* [Recorded information]
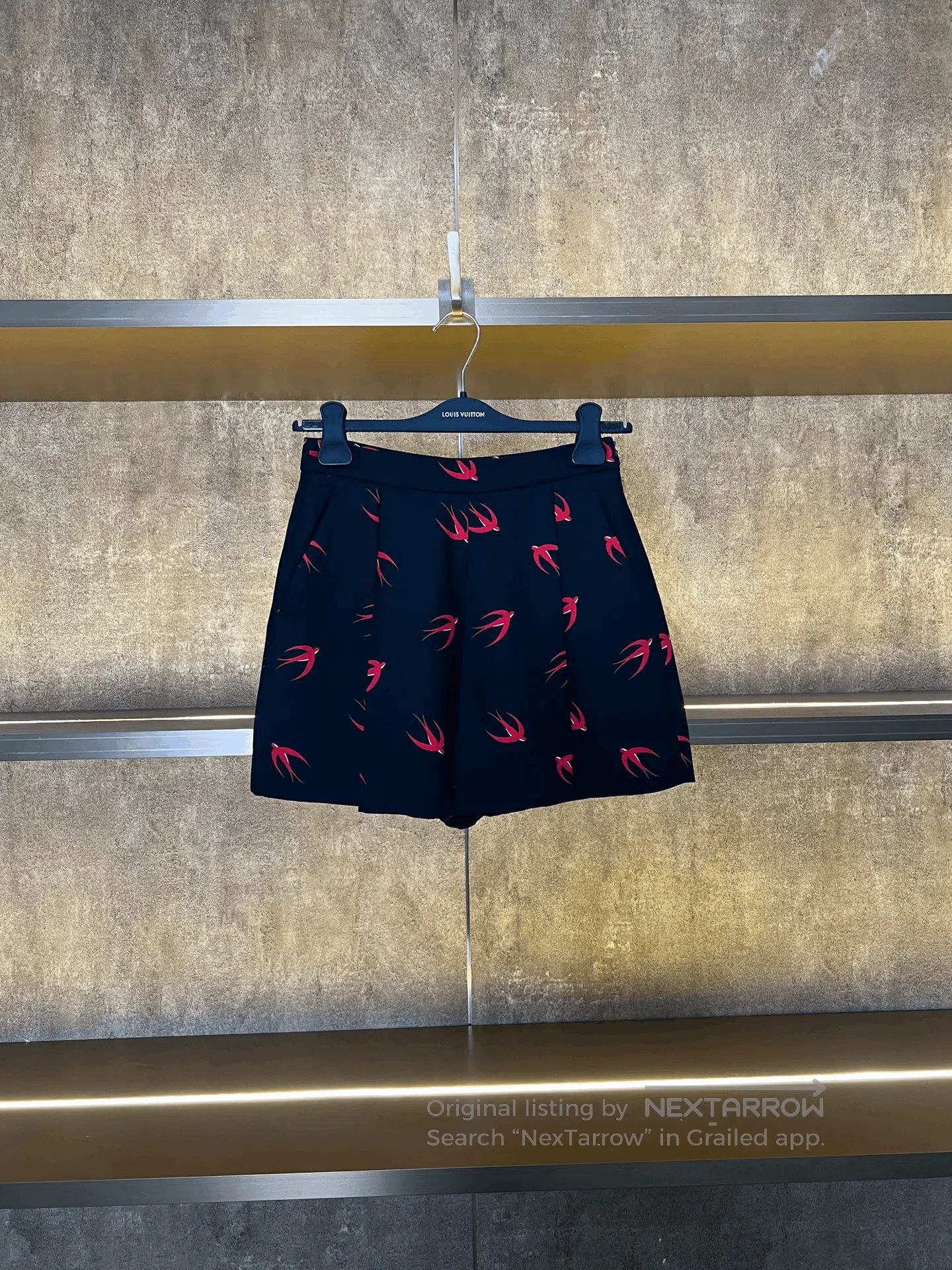 Miu Miu Miumiu Black Red Swallow Shorts. Size 37" - 1 Thumbnail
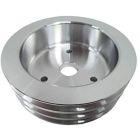 CJ Classic Trucks Crankshaft Pulley 3-Groove Polished Aluminum For Use With Short Water Pump Big Block Chevy 1965-1968
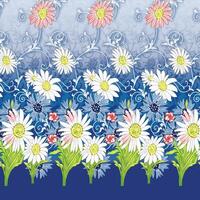 Floral Fantasy Weaves Textile Harmony. vector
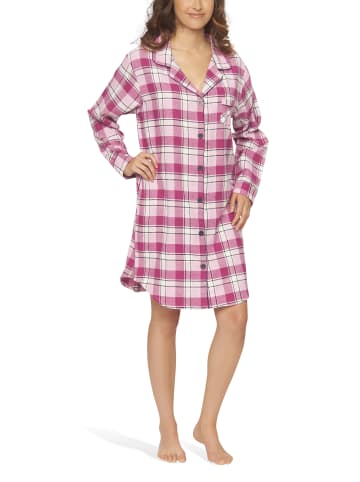 Moonline Flanell-Nachthemd in pink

* [What to do] Exact lines, nothing more: output the one with "CJ Classic Trucks" and every later line through the end of the data, skipping pictures.

* [Answer box]
 CJ Classic Trucks Crankshaft Pulley 3-Groove Polished Aluminum For Use With Short Water Pump Big Block Chevy 1965-1968
 Floral Fantasy Weaves Textile Harmony. vector
 Moonline Flanell-Nachthemd in pink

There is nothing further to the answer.